Problem statement
Each line below from the line with "White thong bikini" to the line with "Nuovo Set di" must be copied exactly, including those two, and no picture may appear in the copy.

Provided records
-.-.-

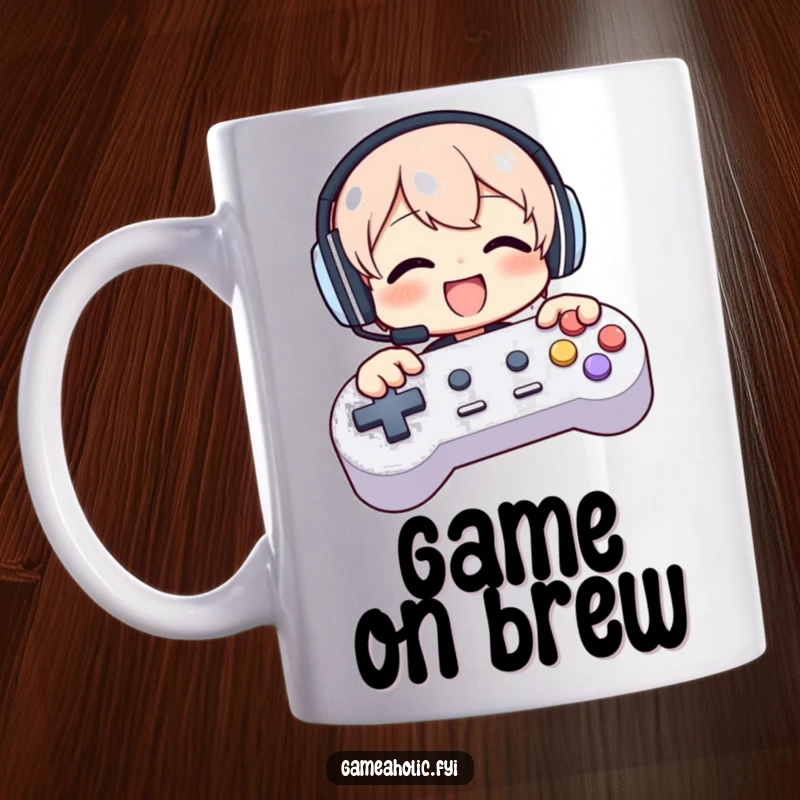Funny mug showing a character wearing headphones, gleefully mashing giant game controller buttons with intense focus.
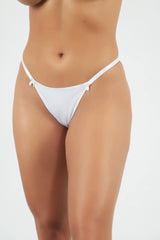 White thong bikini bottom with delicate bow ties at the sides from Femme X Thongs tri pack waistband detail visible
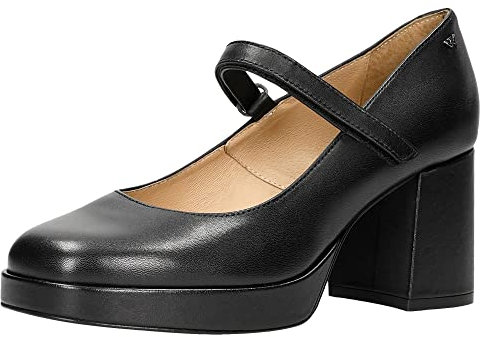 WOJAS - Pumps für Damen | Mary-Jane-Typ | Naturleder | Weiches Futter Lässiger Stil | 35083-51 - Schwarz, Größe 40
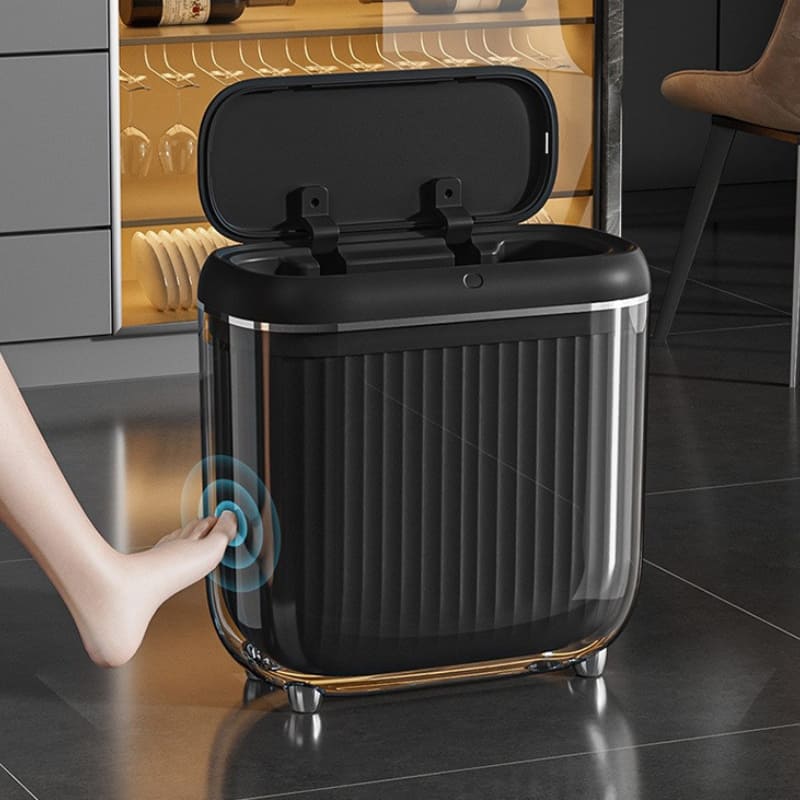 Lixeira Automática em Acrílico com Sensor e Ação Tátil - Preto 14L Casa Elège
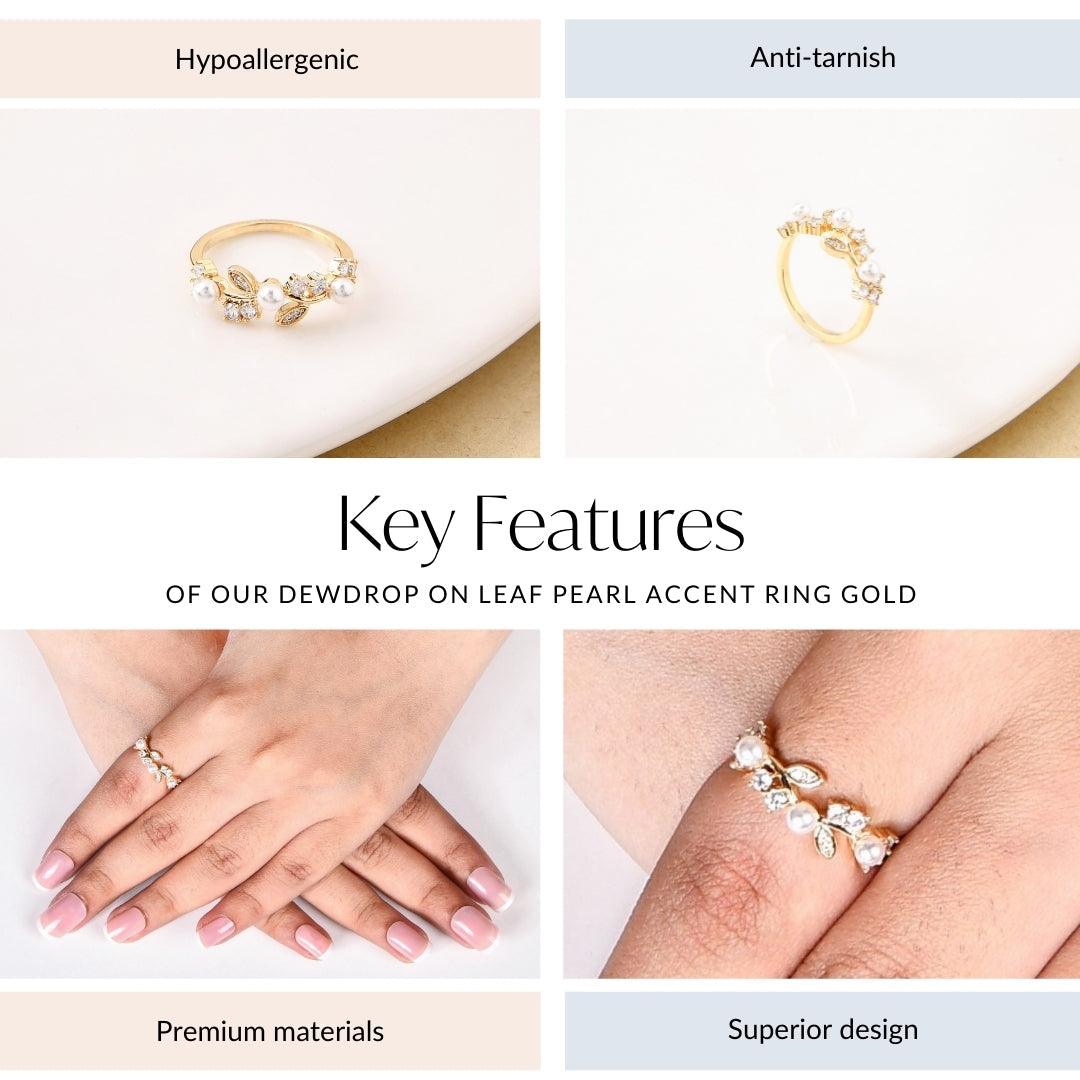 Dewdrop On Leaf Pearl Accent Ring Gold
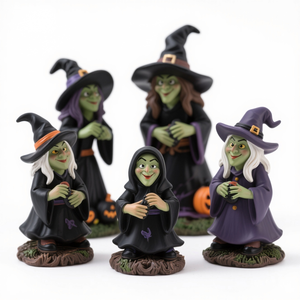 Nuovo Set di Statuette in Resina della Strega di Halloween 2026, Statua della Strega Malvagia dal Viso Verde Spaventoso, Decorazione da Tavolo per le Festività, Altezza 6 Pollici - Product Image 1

-.-.-

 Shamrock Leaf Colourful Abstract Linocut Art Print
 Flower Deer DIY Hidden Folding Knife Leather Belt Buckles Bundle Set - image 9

-.-.-

Expected answer
 White thong bikini bottom with delicate bow ties at the sides from Femme X Thongs tri pack waistband detail visible
 WOJAS - Pumps für Damen | Mary-Jane-Typ | Naturleder | Weiches Futter Lässiger Stil | 35083-51 - Schwarz, Größe 40
 Lixeira Automática em Acrílico com Sensor e Ação Tátil - Preto 14L Casa Elège
 Dewdrop On Leaf Pearl Accent Ring Gold
 Nuovo Set di Statuette in Resina della Strega di Halloween 2026, Statua della Strega Malvagia dal Viso Verde Spaventoso, Decorazione da Tavolo per le Festività, Altezza 6 Pollici - Product Image 1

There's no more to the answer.